The Number Mysteries
This interactive lecture will explore how mathematics can help to predict the future. Specifically it will conclude with a discussion of mathematical models of population growth.
Science hands-on exhibition- LifeWorks
7 exhibits from Science Work from the UK will be displayed in the lecture hall lobby to introduce young children to the wonders of biology. The exhibits range from human parts and plants, and children can feel, try and examine them, including:
A model of a human hand and wrist shows the bones and tendons. Students pull knobs to flex the fingers of the hand individually showing how the hand works.

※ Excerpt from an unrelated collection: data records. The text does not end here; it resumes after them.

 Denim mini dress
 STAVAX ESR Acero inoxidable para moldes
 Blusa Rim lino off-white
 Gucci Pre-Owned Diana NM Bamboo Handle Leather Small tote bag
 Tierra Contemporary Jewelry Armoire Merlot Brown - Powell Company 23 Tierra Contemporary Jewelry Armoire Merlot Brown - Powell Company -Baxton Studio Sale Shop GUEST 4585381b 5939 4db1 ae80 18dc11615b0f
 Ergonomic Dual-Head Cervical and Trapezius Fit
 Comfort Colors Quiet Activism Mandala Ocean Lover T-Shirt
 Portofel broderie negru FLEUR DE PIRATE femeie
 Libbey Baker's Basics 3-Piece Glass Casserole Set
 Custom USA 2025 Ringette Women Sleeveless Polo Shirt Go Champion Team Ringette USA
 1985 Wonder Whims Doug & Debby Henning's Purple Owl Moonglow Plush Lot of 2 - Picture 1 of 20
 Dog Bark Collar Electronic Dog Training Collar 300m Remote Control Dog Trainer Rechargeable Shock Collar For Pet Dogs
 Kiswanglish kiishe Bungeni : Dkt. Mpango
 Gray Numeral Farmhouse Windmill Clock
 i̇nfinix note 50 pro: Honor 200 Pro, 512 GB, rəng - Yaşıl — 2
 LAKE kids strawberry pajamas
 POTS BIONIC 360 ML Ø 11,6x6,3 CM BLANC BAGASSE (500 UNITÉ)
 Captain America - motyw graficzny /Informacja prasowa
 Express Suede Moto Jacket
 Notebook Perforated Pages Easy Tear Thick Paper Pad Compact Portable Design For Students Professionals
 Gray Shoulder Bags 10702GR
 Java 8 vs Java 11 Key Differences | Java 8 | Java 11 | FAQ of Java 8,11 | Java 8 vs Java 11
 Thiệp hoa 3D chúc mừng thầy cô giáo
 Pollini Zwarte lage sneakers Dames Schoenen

Children can fit the internal organs into their correct places in a full-size human torso. Afterwards they remove them and put them in the base which names and describes them.
A number of resin blocks contain small creatures of the arthropod group (insects, etc.) which children can view with magnifying glasses. They then classify them onto a key based on a number of defining characteristics.
A number of goggles have lenses that are modified to mimic the vision of various animals. When children put them on they see as the animals do.
A set of fossils are arranged in a time sequence. Students have to try to identify the source of the fossil by comparing them with a picture key.
There are casts of different parts of the human body hidden inside boxes. Children feel them and try to identify what they are.
Children test their ability to balance by standing on a small platform that pivots at its centre. As long as they stay level a timer will run to compare their times with one another.